Robert Hilburn, the long time L.A. Times rock critic, has an online question and answer column, and this just happened to appear in last week's column:
A reader's question to Hilburn:
I'm aghast at your listing Eminem among rock's MVPs. While I don't deny that he is a quick-witted firestarter, I shudder to think of him sitting at a table and having lunch with Bob Dylan and John Lennon. And while Lennon certainly wrote and recorded "The Ballad of John and Yoko," he never wrote a whole album full of intensely self-referential songs. Yes, "Plastic Ono Band" is the big primal scream, and it's all about "John," but at no point do I feel alienated from the music by Lennon's self-obsession. Eminem seems to (especially of late) regurgitate the things that intellectual music and culture critics have said about him.

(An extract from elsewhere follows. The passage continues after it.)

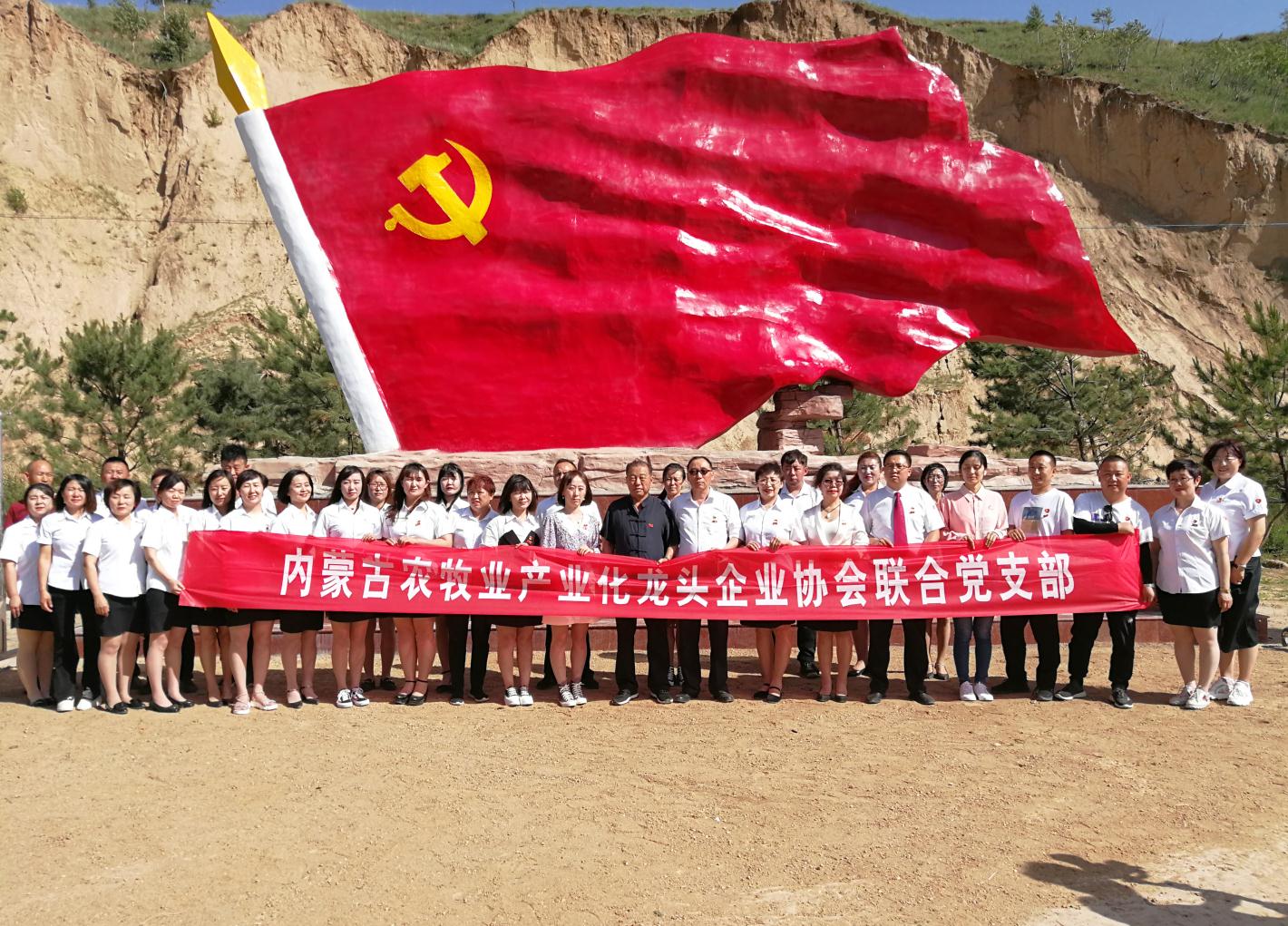 內(nèi)蒙古農(nóng)牧業(yè)產(chǎn)業(yè)化龍頭企業(yè)協(xié)會(huì)走進(jìn)石人灣村開(kāi)展“辦實(shí)事、解難題，送溫暖，傳黨恩”公益活動(dòng)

And while it's true that we are all the stars of our own shows, how can you find "The Eminem Show" relevant when his one and only topic seems to be, explicitly, himself and the reaction to his last album and tour? He's dating himself with a vengeance! I know we're all hungry to find a "modern Dylan," and maybe we think that is the person who is out there doing the most shocking stuff?

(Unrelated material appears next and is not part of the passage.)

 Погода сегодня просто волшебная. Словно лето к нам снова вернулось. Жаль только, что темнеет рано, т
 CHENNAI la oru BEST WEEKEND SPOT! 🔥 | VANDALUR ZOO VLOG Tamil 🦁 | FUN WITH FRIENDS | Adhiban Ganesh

RH: I understand the debate over Eminem, and I'm not sure anyone is fit to sit with Dylan at a dinner table as a creative equal, but I think John Lennon would have enough flexibility and intellectual curiosity to enjoy meeting Eminem. The problem is that some of Eminem's music is so needlessly crude. But some of it is brilliant and revealing. Start with "Stan" on his last album and listen to the pain in "Cleaning Out My Closet" on the new album. My daughter, who has children of her own, thinks "Closet"--a song about a young man's rage about the lack of love he received from his mother--was so moving that she cried. I actually think Lennon and Eminem would connect on some level--the same way I think Bono could connect with both of them.